WHAT THE EXERCISE ASKS:
Exact copy, no pictures: repeat the data that follows.

EXTRACTED MATERIAL:
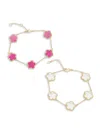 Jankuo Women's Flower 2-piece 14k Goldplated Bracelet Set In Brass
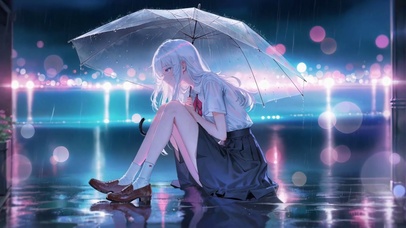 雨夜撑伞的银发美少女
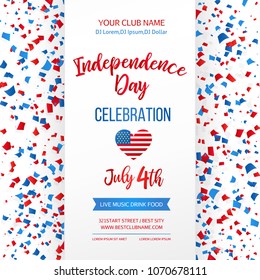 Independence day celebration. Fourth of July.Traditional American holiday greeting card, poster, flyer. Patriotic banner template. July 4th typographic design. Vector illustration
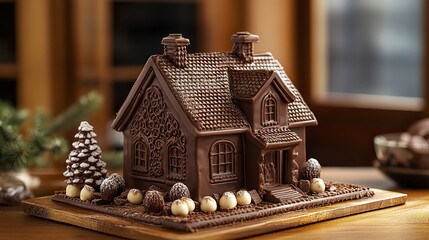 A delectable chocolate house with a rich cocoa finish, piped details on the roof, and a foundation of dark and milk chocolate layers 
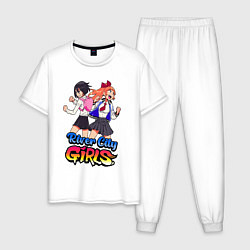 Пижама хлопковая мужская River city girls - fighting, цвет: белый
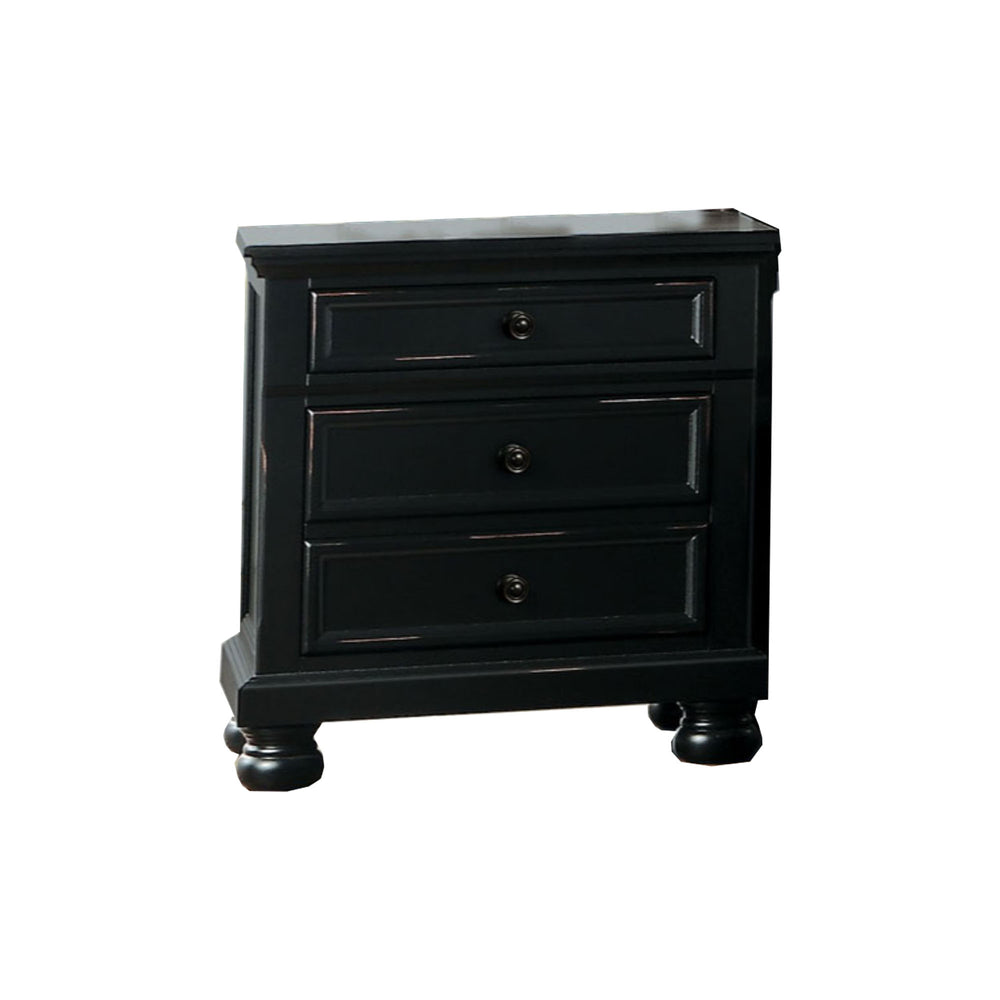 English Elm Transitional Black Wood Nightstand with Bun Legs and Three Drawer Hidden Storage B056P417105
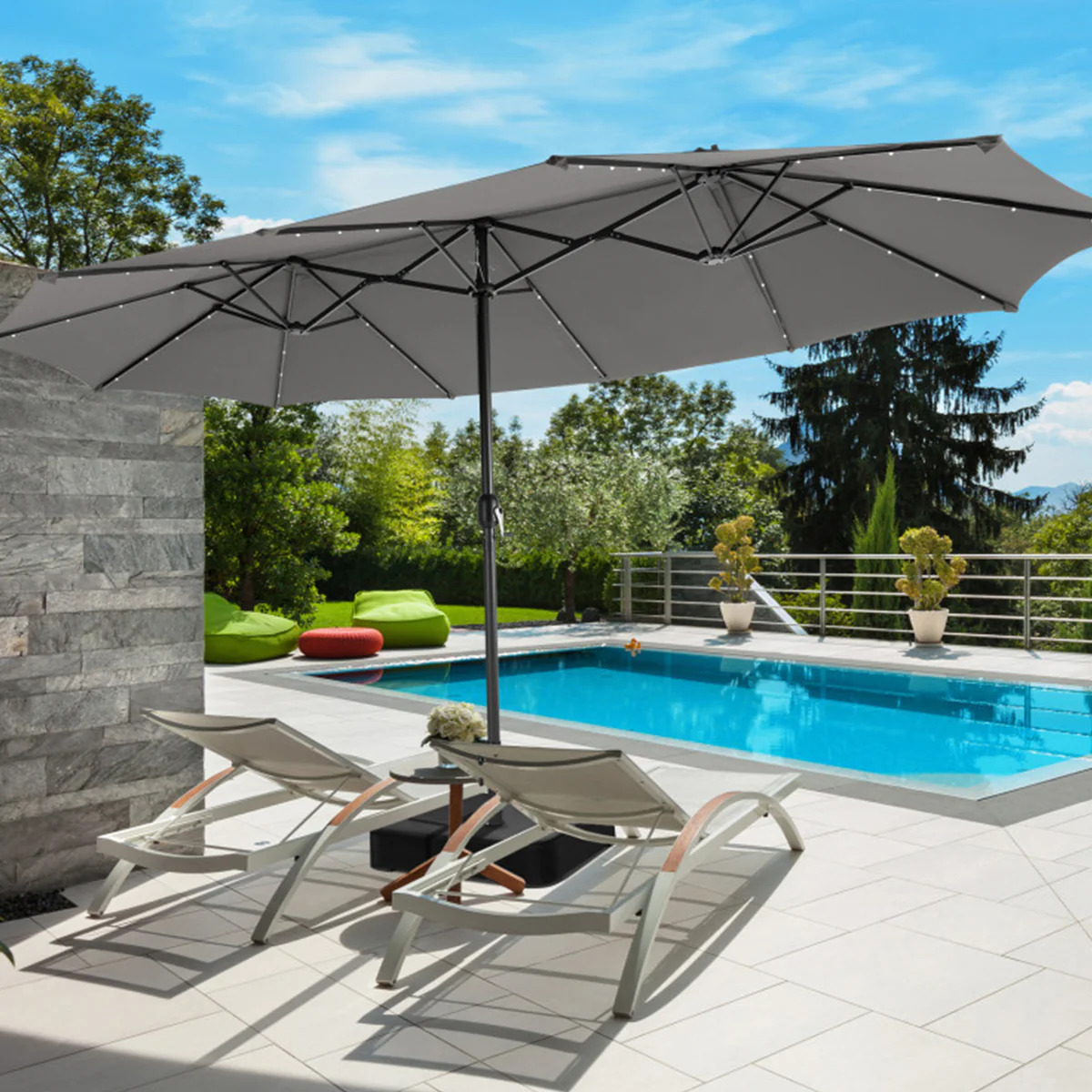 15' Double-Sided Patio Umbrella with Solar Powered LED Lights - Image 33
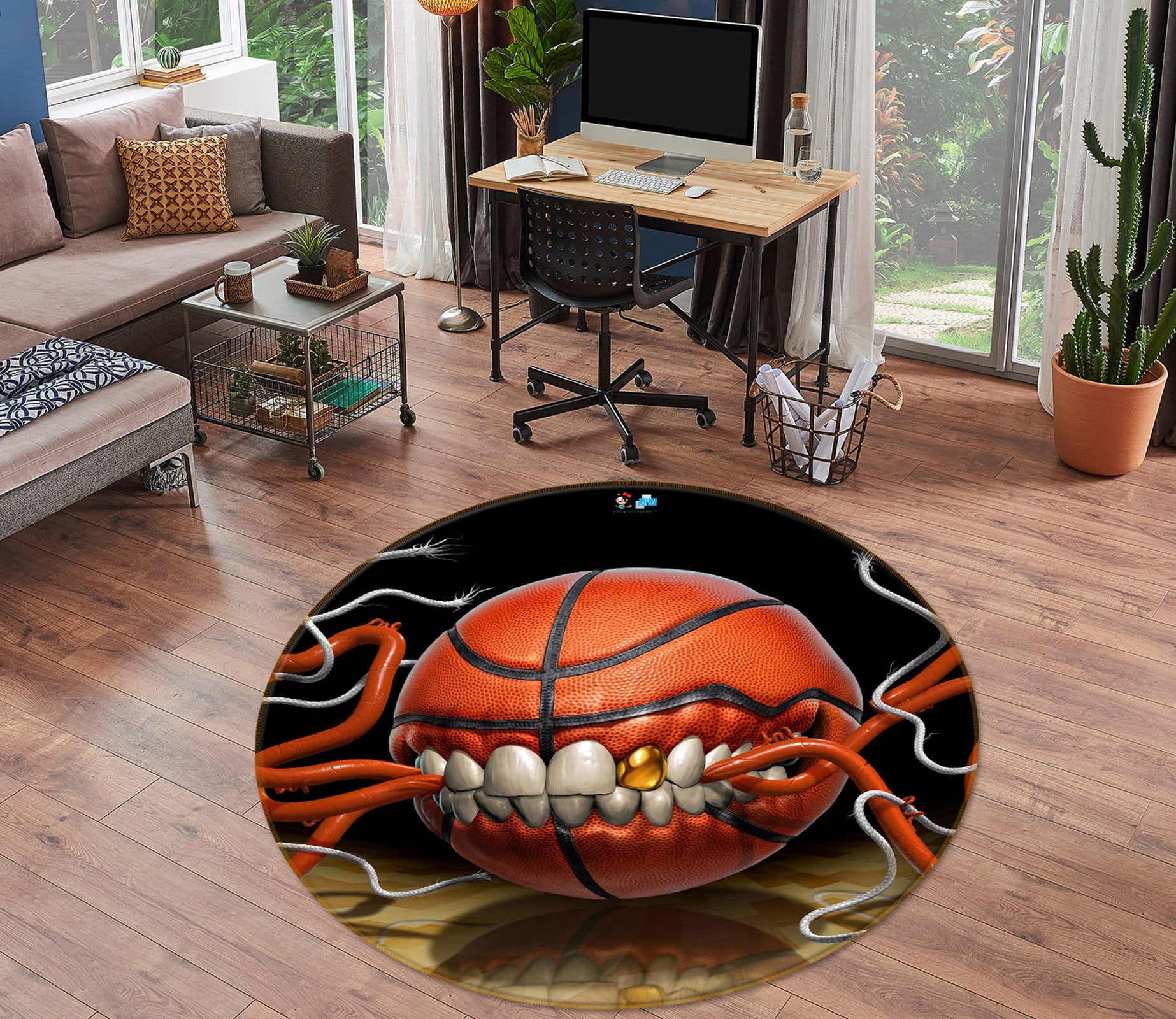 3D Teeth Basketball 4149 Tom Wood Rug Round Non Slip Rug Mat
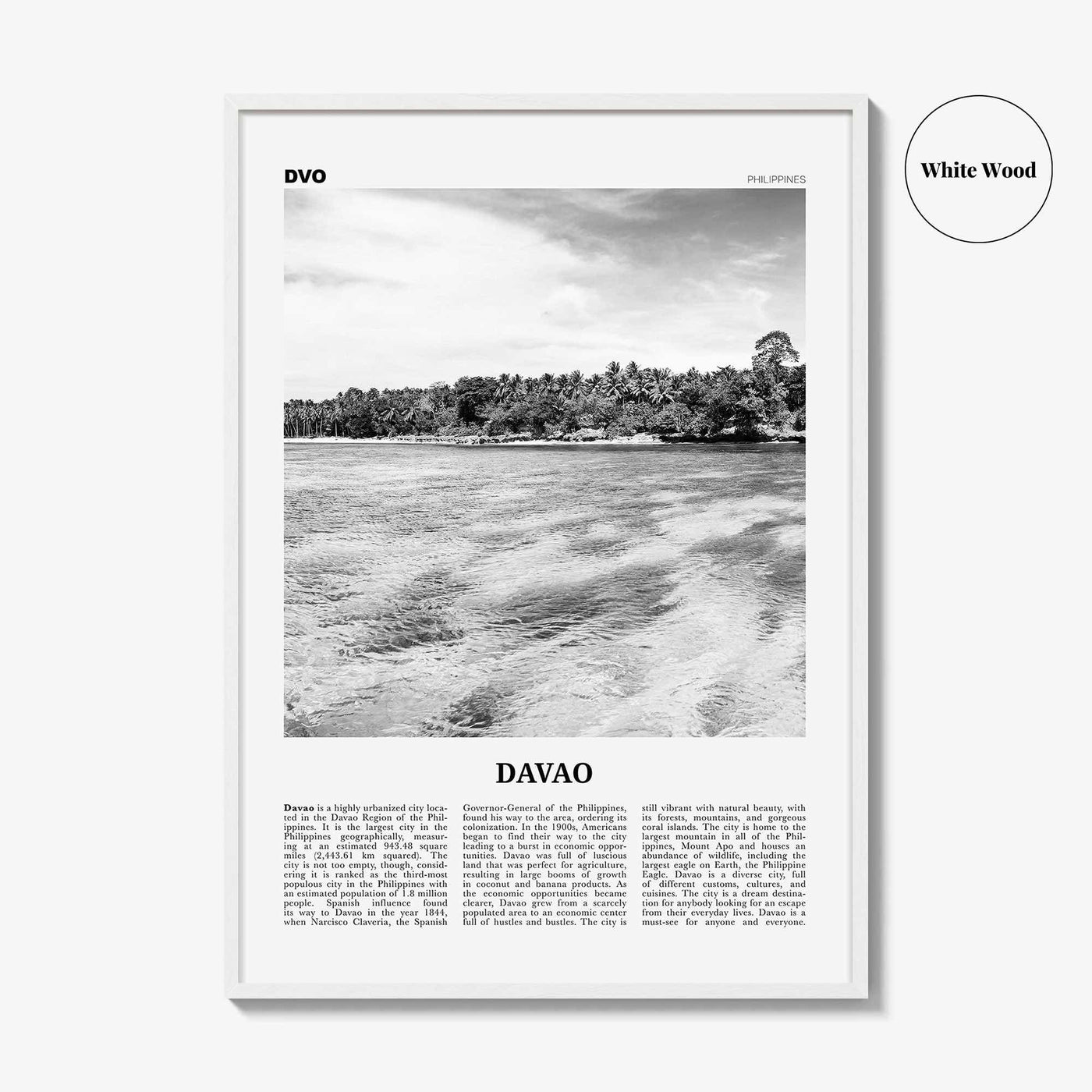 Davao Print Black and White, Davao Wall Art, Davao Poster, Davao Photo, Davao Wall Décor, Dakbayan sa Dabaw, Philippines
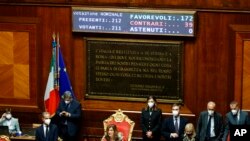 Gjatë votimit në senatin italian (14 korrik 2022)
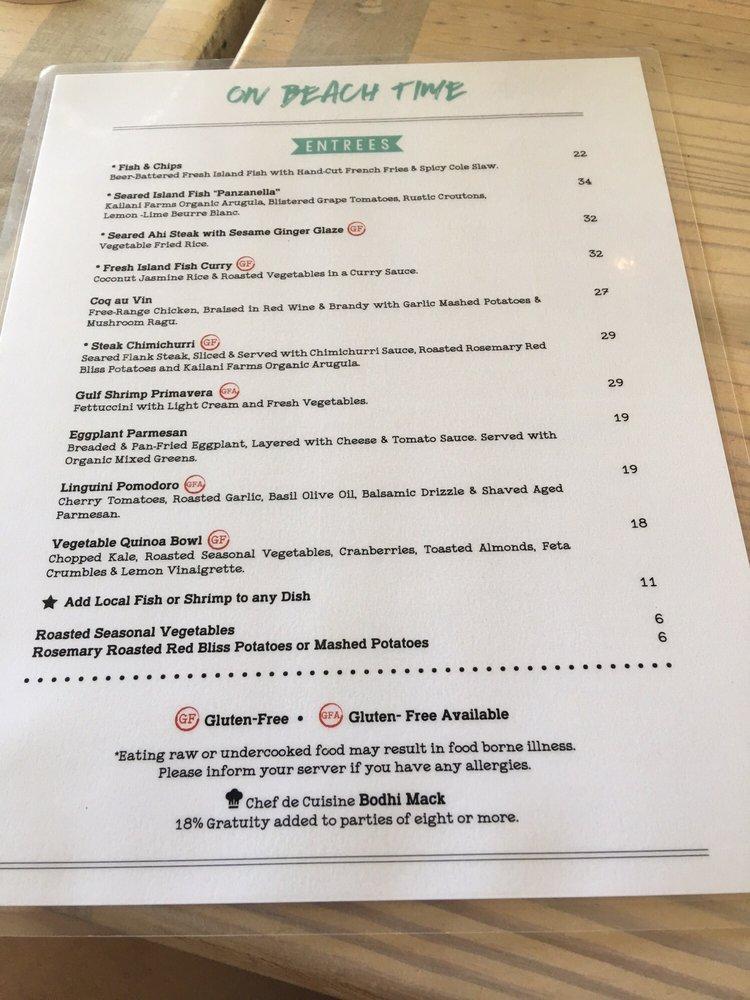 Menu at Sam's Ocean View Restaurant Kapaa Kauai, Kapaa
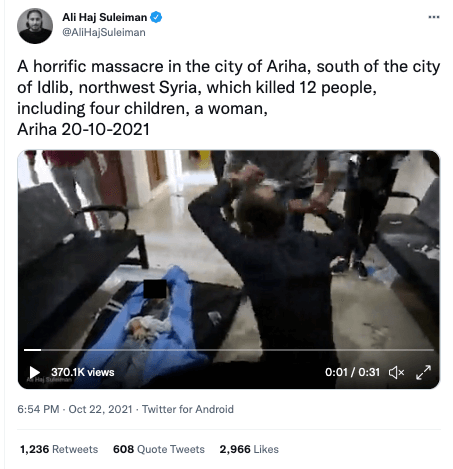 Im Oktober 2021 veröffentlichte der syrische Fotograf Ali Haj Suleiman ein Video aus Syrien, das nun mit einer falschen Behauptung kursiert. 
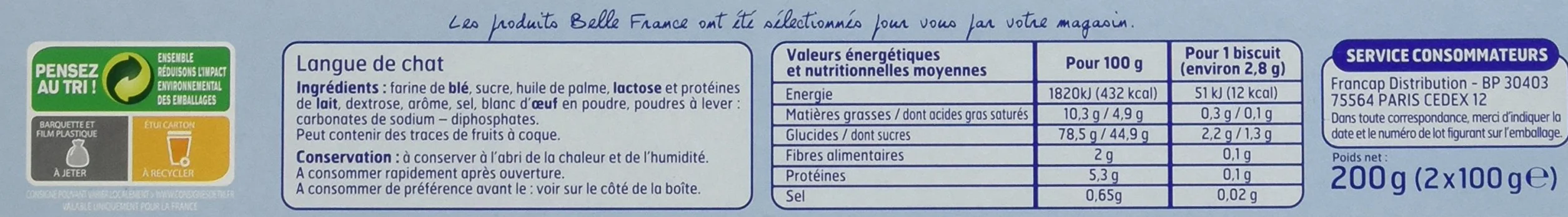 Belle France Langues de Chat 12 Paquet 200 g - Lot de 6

ANSWER SECTION:
 Jankuo Women's Flower 2-piece 14k Goldplated Bracelet Set In Brass
 雨夜撑伞的银发美少女
 Independence day celebration. Fourth of July.Traditional American holiday greeting card, poster, flyer. Patriotic banner template. July 4th typographic design. Vector illustration
 A delectable chocolate house with a rich cocoa finish, piped details on the roof, and a foundation of dark and milk chocolate layers 
 Пижама хлопковая мужская River city girls - fighting, цвет: белый
 English Elm Transitional Black Wood Nightstand with Bun Legs and Three Drawer Hidden Storage B056P417105
 15' Double-Sided Patio Umbrella with Solar Powered LED Lights - Image 33
 3D Teeth Basketball 4149 Tom Wood Rug Round Non Slip Rug Mat
 Davao Print Black and White, Davao Wall Art, Davao Poster, Davao Photo, Davao Wall Décor, Dakbayan sa Dabaw, Philippines
 Gjatë votimit në senatin italian (14 korrik 2022)
 Menu at Sam's Ocean View Restaurant Kapaa Kauai, Kapaa
 Im Oktober 2021 veröffentlichte der syrische Fotograf Ali Haj Suleiman ein Video aus Syrien, das nun mit einer falschen Behauptung kursiert. 
 Belle France Langues de Chat 12 Paquet 200 g - Lot de 6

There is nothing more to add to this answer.